RECORD EXTRACTS:
Content starts

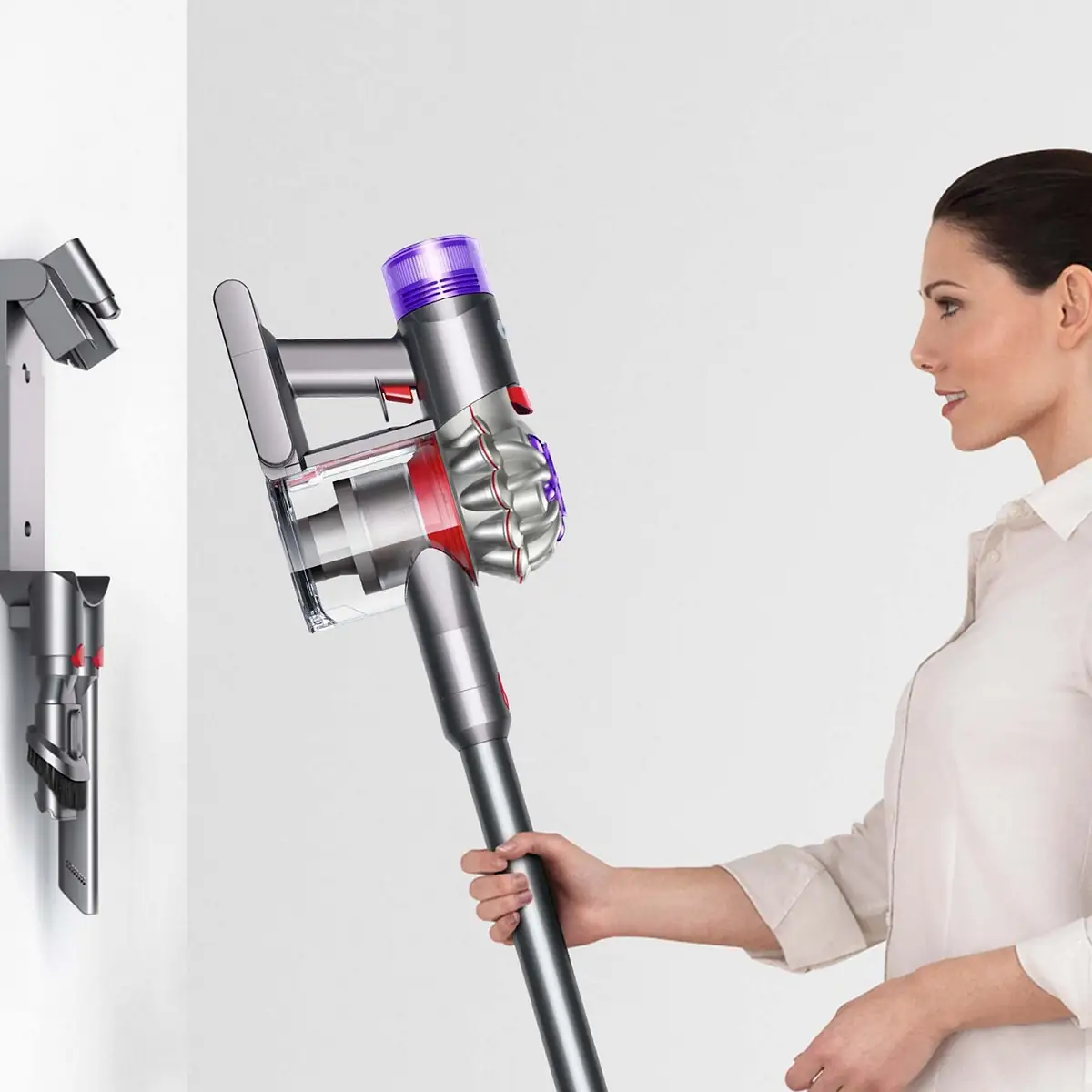 Dyson V8 Absolute aspirapolvere senza filo Argento/Nichel — foto 4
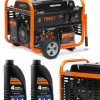 DAEWOO ĢENERATORS GDA 8500E 7,5kW + 2x ĢENERATORU EĻĻĻA SAE 10W-30 DWO 600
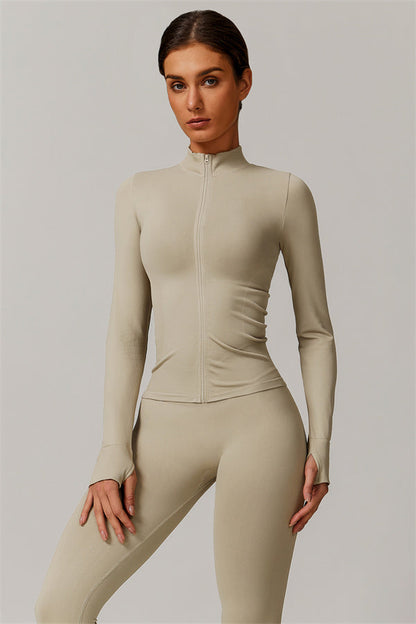 The Nova Luxe Jacket Sports Bra Leggings 3-Piece Set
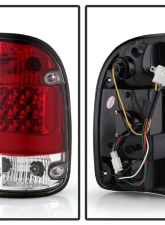 Spyder Auto LED Red/Clear Tail Lights for Toyota Tacoma 1995-2000, Custom Fit                                     - ALT-YD-TT95-LED-RC - Image 2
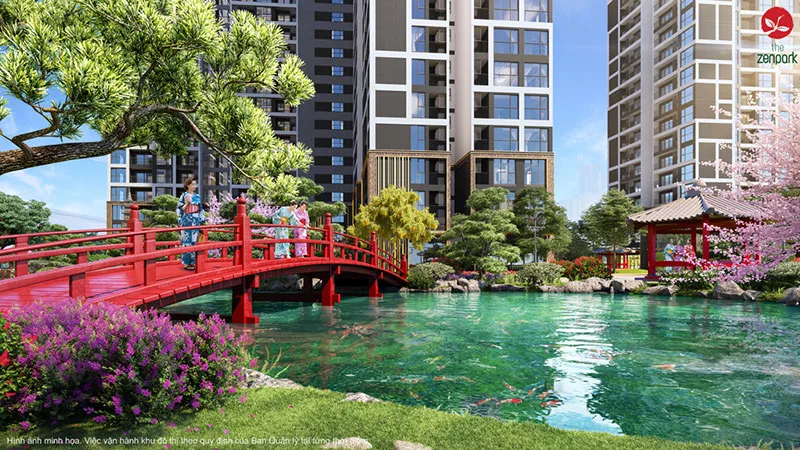 anh tien ich Phan khu The Zenpark du an Vinhomes Ocean Park 2
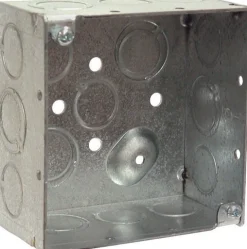 Raco 30-5/16 cu in Square Steel 2 gang Junction Box Gray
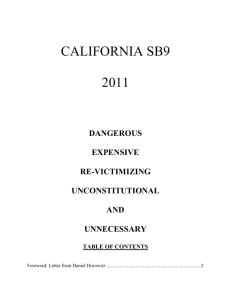 SB 9: Unconstitutional, Expensive - National Organization of Victims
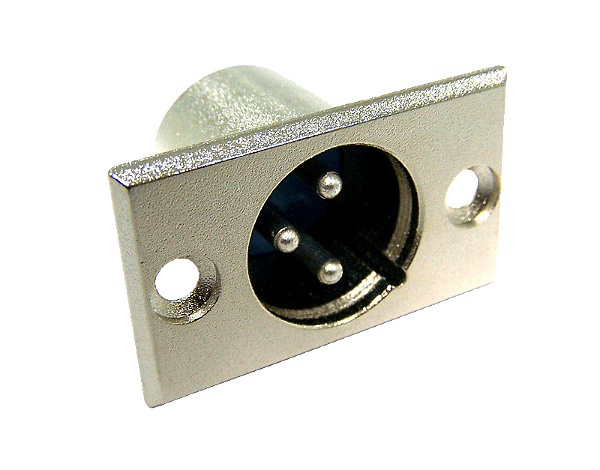 Pino Cannon Macho para Painel Metal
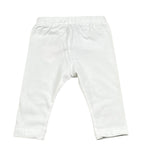 Moschino Leggins Tinta Unita con Stampa per Neonata MIP032 BIANCO MOSCHINO 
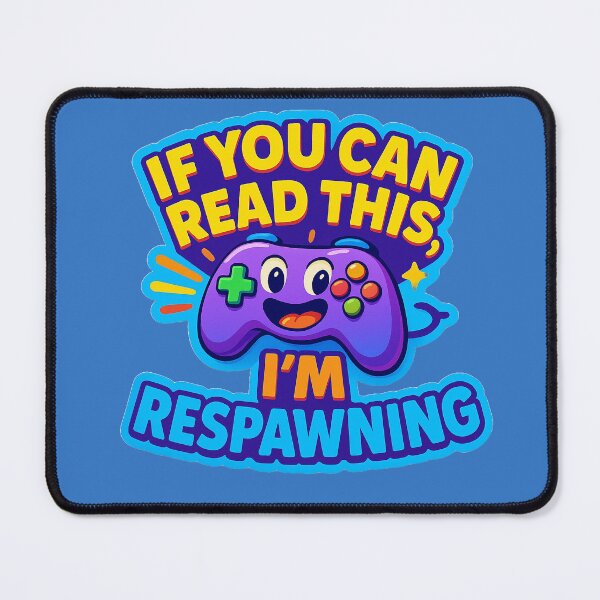 Item preview, Respawning – cartoon style gamer humor designed and sold by Girih.
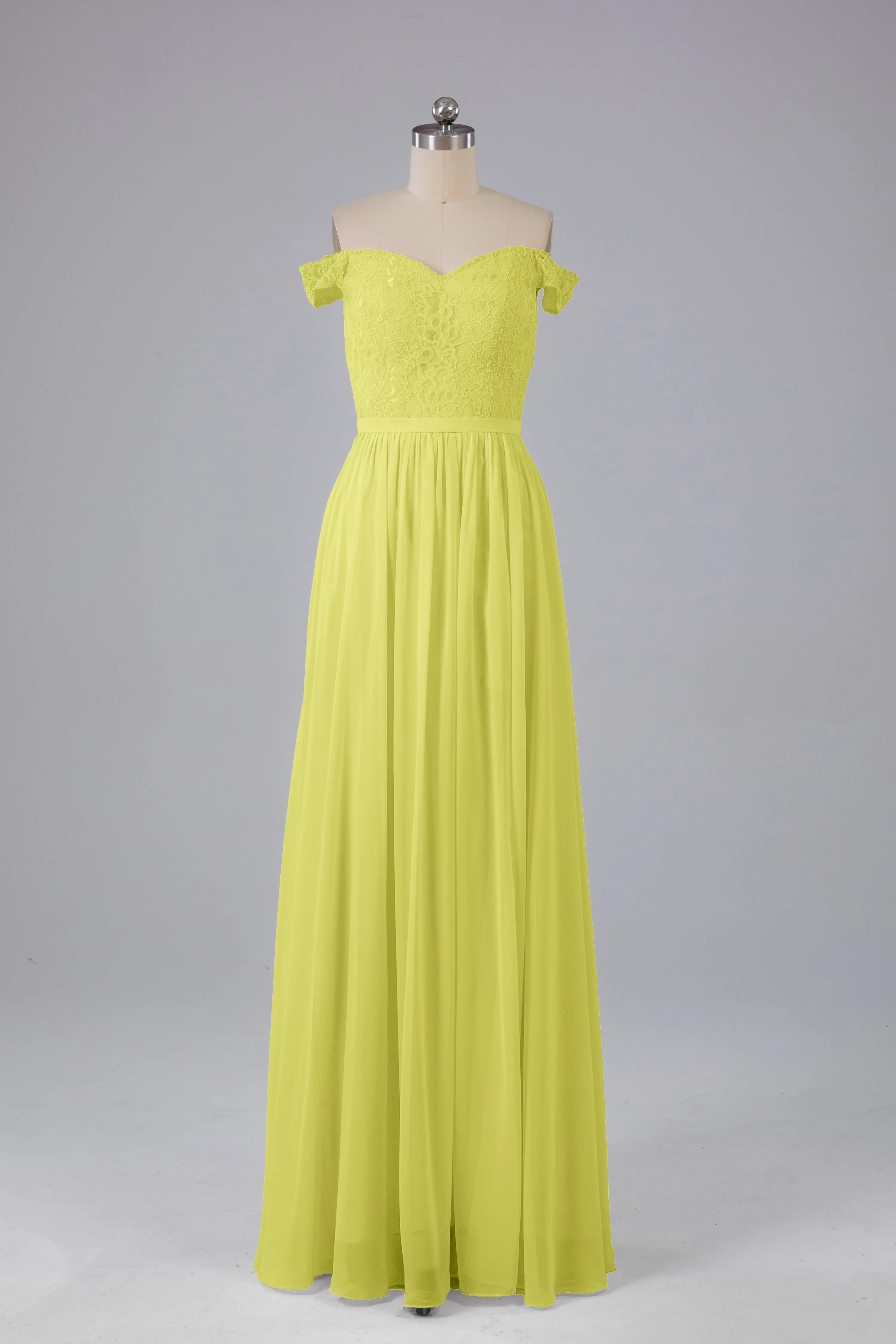 Off The Shoulder Long Bridesmaid Dresses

Content ends

ACTION ITEM:
Beginning with the line that holds "SB 9: Unconstitutional, Expensive", output each line to the end of the material above, exactly, omitting the pictures.

RESPONSE TO THE EXERCISE:
 SB 9: Unconstitutional, Expensive - National Organization of Victims
 Pino Cannon Macho para Painel Metal
 Moschino Leggins Tinta Unita con Stampa per Neonata MIP032 BIANCO MOSCHINO 
 Item preview, Respawning – cartoon style gamer humor designed and sold by Girih.
 Off The Shoulder Long Bridesmaid Dresses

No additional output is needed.